__Material provided__
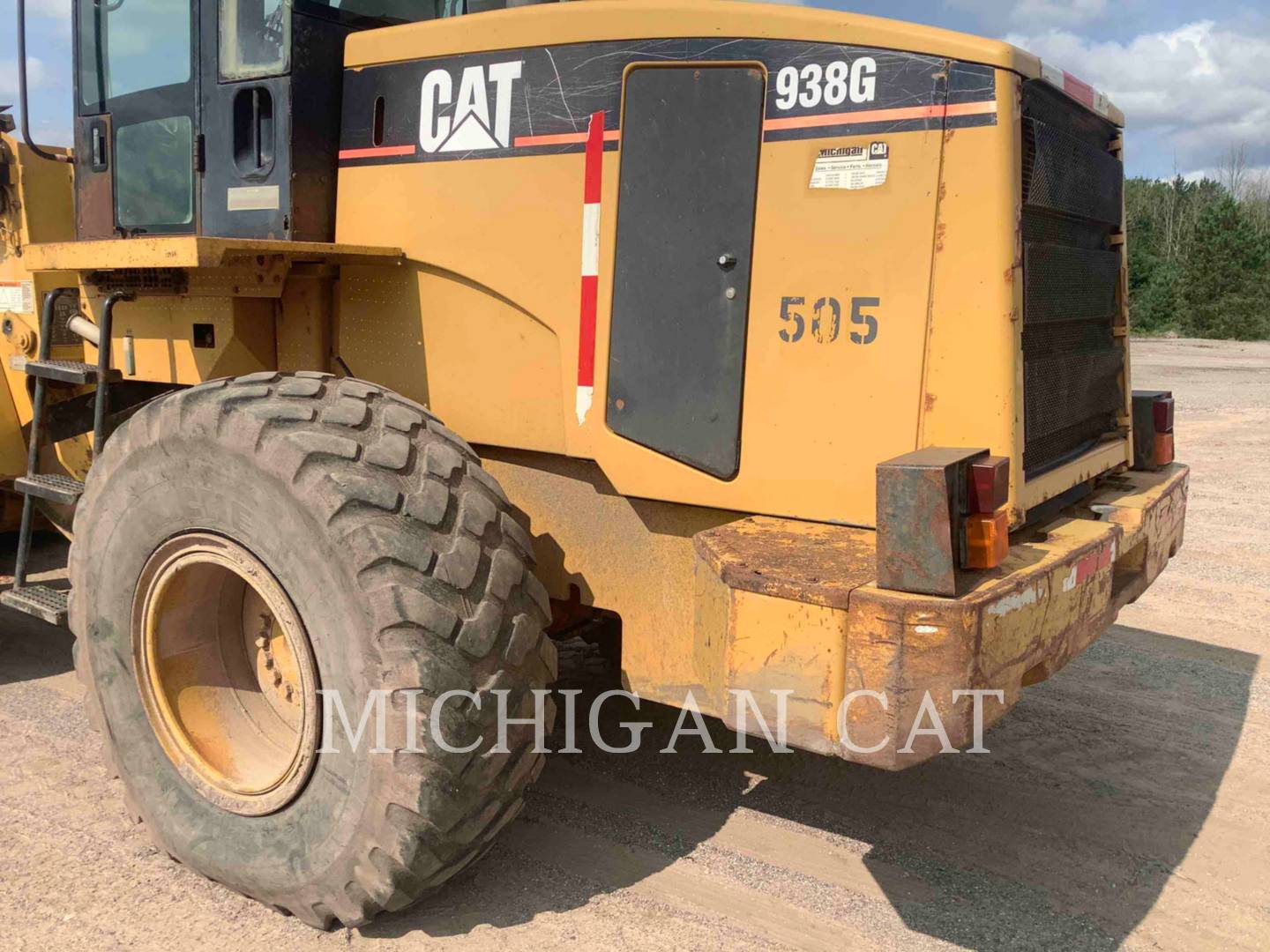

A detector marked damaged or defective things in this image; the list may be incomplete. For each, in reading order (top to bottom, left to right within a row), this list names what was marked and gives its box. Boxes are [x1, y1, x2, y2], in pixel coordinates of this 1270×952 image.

rust patch on metal [691, 515, 878, 612]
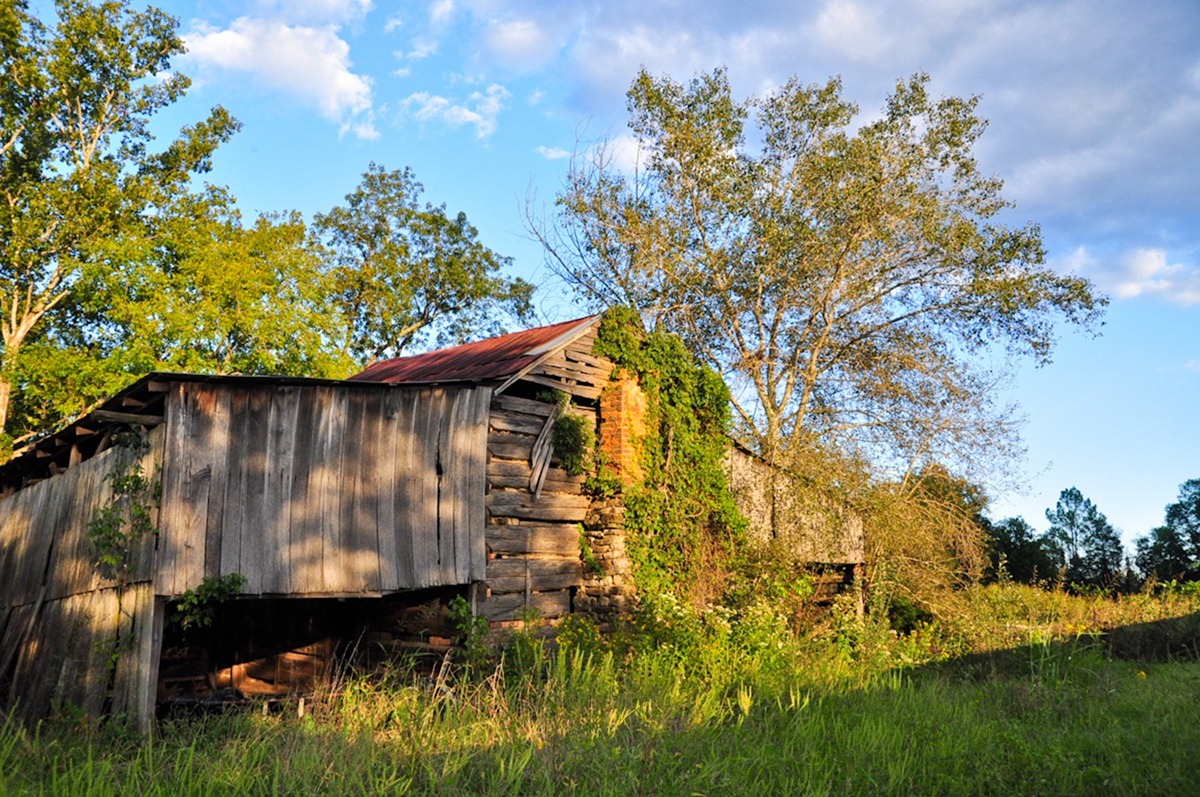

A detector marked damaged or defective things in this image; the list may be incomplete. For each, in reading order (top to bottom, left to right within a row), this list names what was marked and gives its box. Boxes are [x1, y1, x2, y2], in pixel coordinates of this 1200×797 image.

rusty metal roof [350, 312, 604, 384]
red rusted roof panel [350, 312, 604, 384]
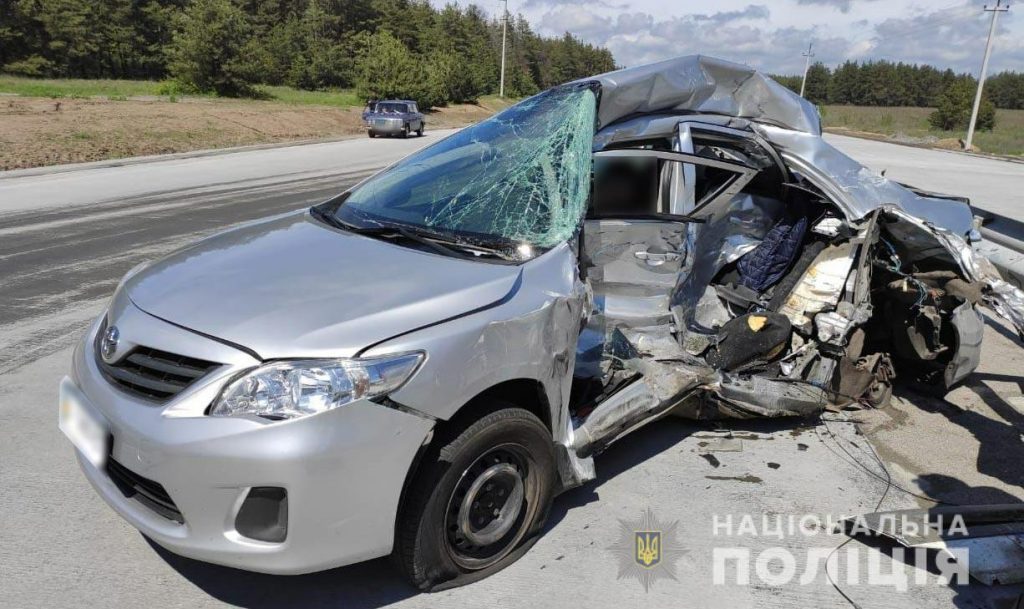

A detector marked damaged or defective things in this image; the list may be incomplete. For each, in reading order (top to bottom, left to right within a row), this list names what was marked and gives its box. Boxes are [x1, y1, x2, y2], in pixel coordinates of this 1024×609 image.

shattered windshield [336, 83, 596, 249]
broken glass [336, 85, 596, 252]
crushed car roof [576, 55, 824, 135]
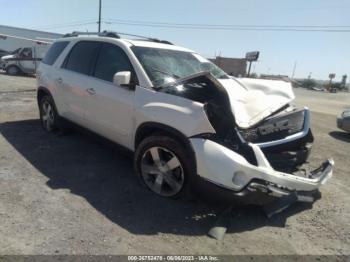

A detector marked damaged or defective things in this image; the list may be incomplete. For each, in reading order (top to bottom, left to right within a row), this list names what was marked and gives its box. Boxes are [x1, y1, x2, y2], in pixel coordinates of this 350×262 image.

crumpled hood [219, 77, 296, 128]
severe front damage [156, 71, 334, 205]
damaged front bumper [190, 138, 332, 198]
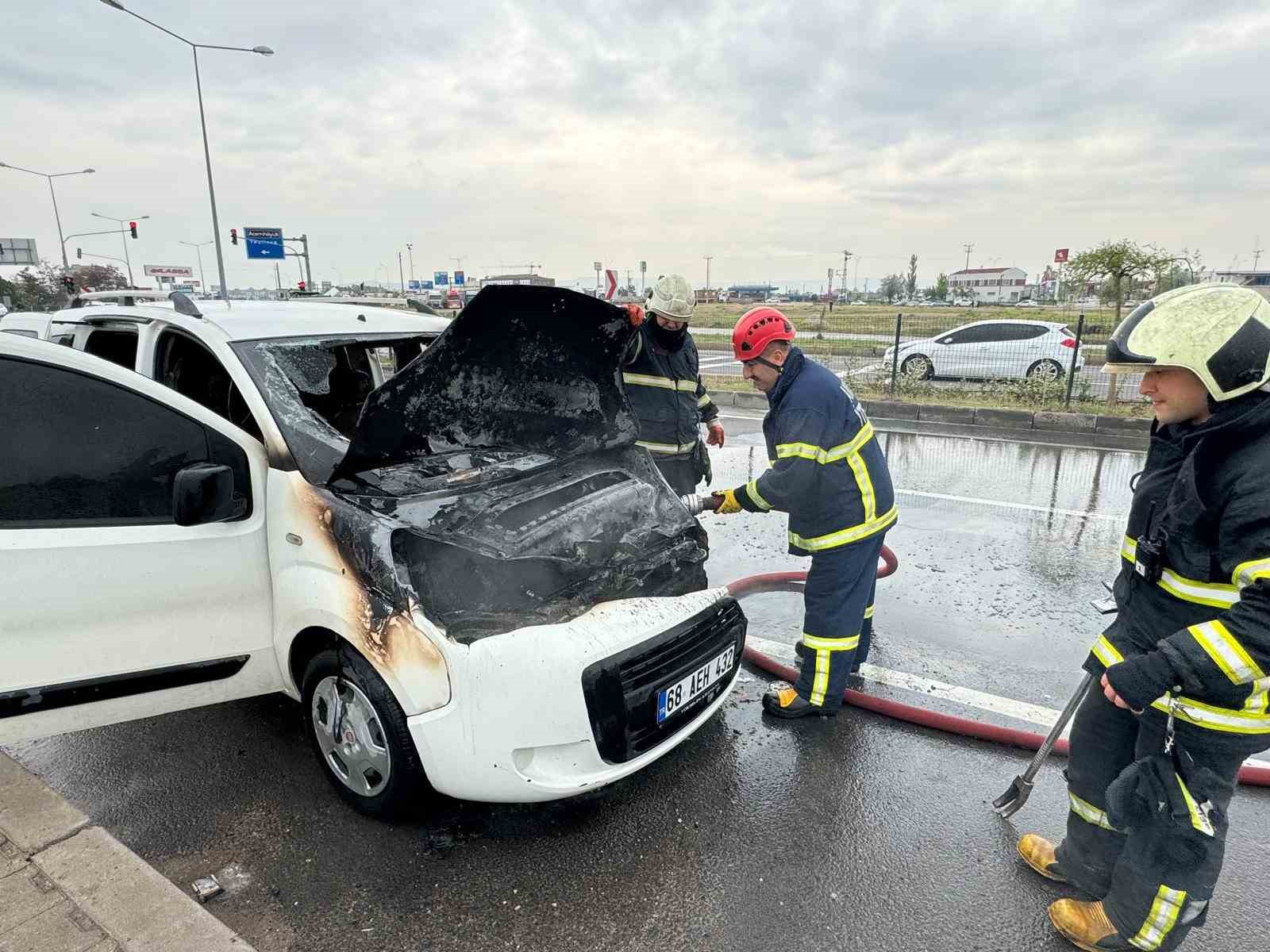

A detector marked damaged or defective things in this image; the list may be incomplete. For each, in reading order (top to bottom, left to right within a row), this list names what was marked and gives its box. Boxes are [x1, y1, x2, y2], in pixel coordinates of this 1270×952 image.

burned car hood [335, 281, 635, 476]
charred engine bay [327, 447, 708, 644]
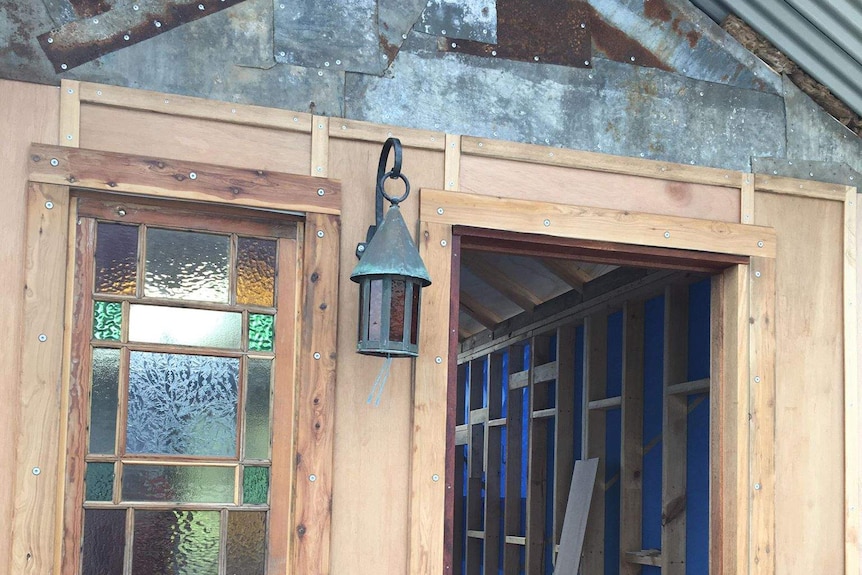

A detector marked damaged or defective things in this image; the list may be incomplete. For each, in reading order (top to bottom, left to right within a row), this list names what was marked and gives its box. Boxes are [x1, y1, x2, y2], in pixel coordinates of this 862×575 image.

rusty metal roofing [692, 0, 862, 117]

__Problem__
Beginning with the line that holds "this 862×575 image.", please return every line through the end of the data, exactly as written.

__The completed task__
A detector marked damaged or defective things in this image; the list may be incomplete. For each, in reading order (top to bottom, left to right within a row), this list names what was marked and gives its box. Boxes are [x1, y1, x2, y2], in pixel coordinates of this 862×575 image.

rusty metal roofing [692, 0, 862, 117]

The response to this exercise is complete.